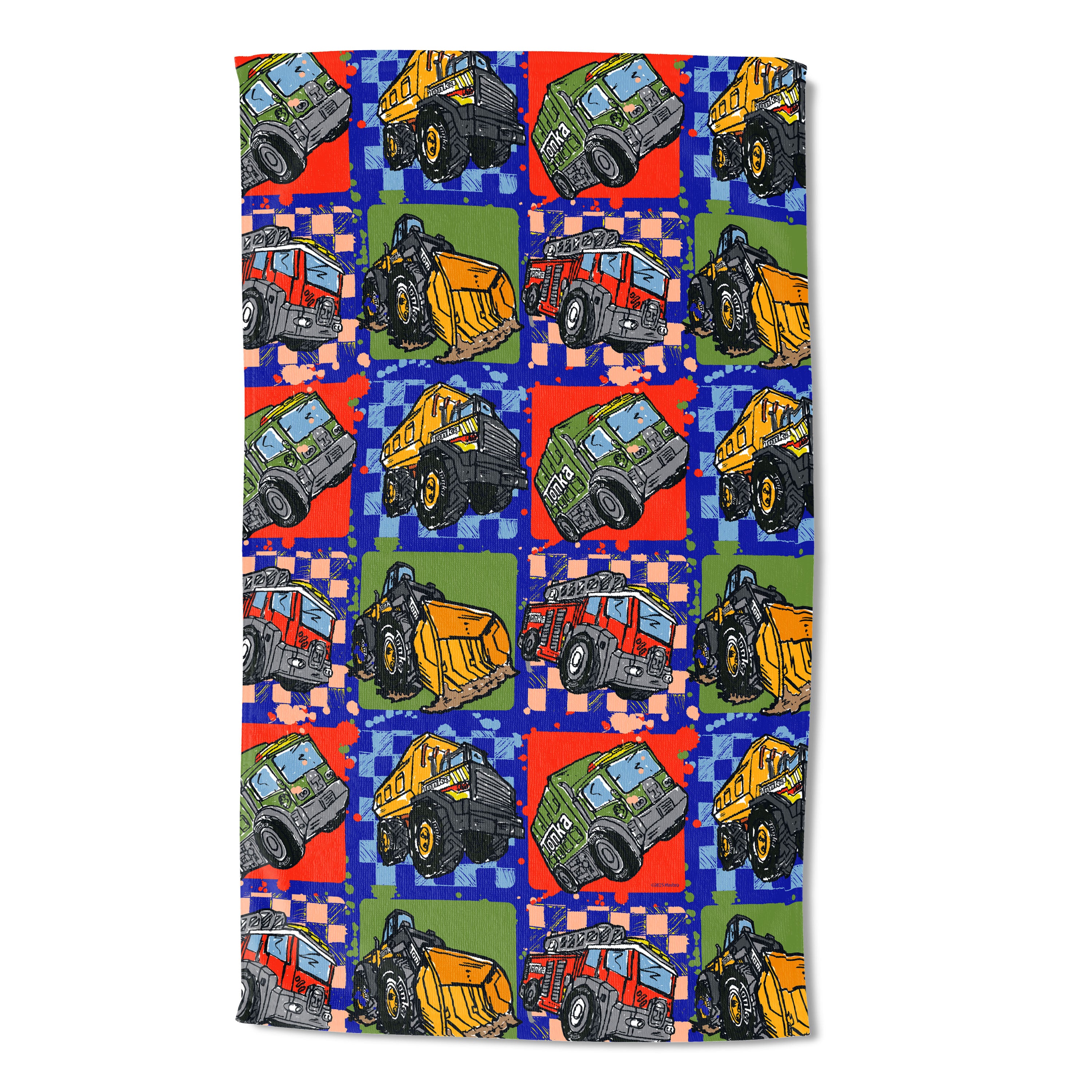 Hasbro Tonka Truck Pattern Sand Free Beach Towel 35x60 inches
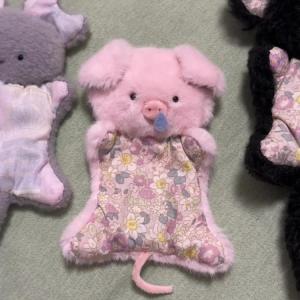 UBT | Adorable Handmade Bean Bag Toys Pig Mouse Soothing Sleep Handkerchief Doll Gift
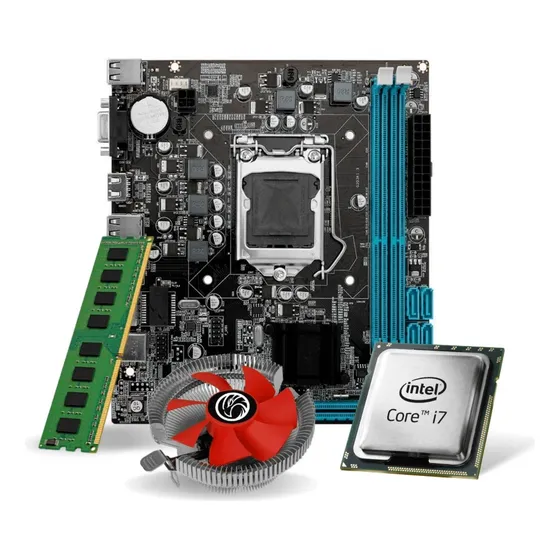 Kit Gamer I7 3770 3.9ghz + Placa B75 1155 + 2x 8gb 1600mhz Cor Preto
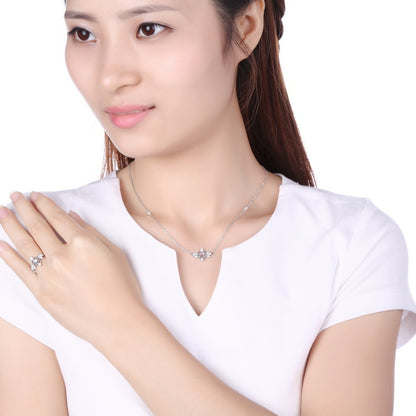 Natural Blue Moonstone 925 Sterling Silver Ring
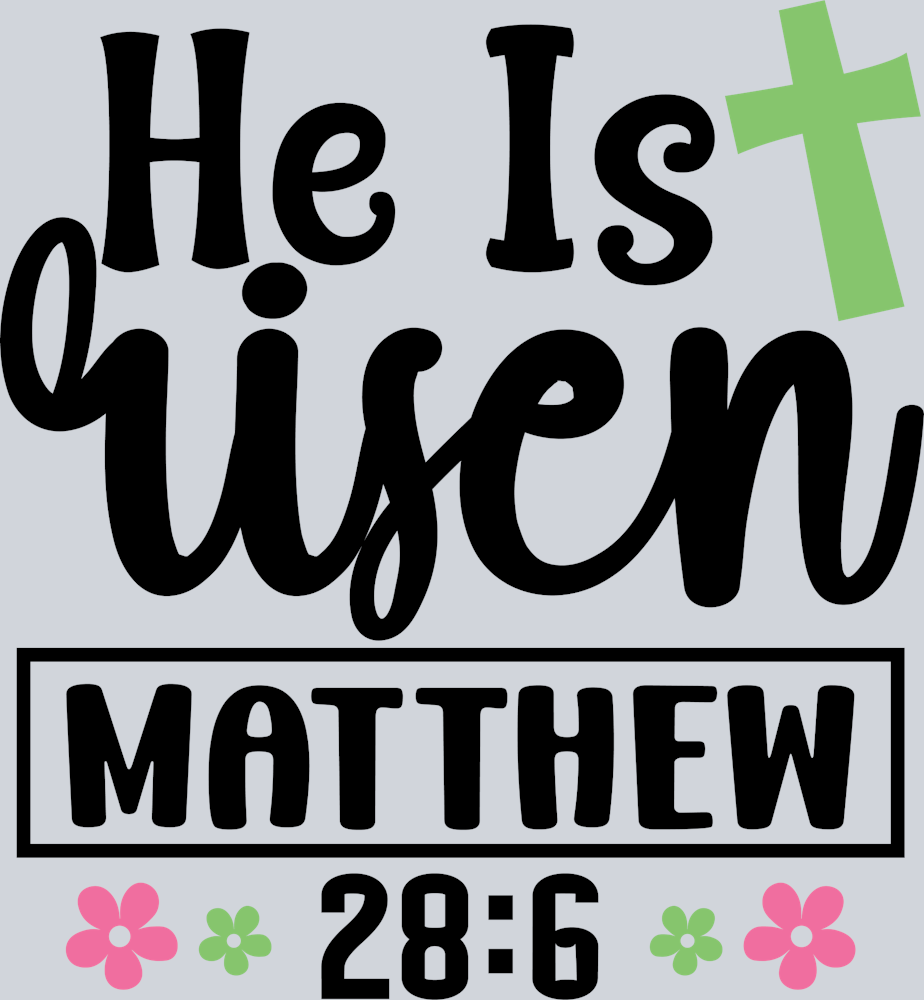 He Is Risen Matthew 1 - STK06998 (DTF Transfers)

**TASK DIRECTIONS**.
From the line that contains "Natural Blue Moonstone" through the last line of the listing, copy each line exactly; both end lines stay in, and pictures stay out.

**SOLUTION**.
 Natural Blue Moonstone 925 Sterling Silver Ring
 He Is Risen Matthew 1 - STK06998 (DTF Transfers)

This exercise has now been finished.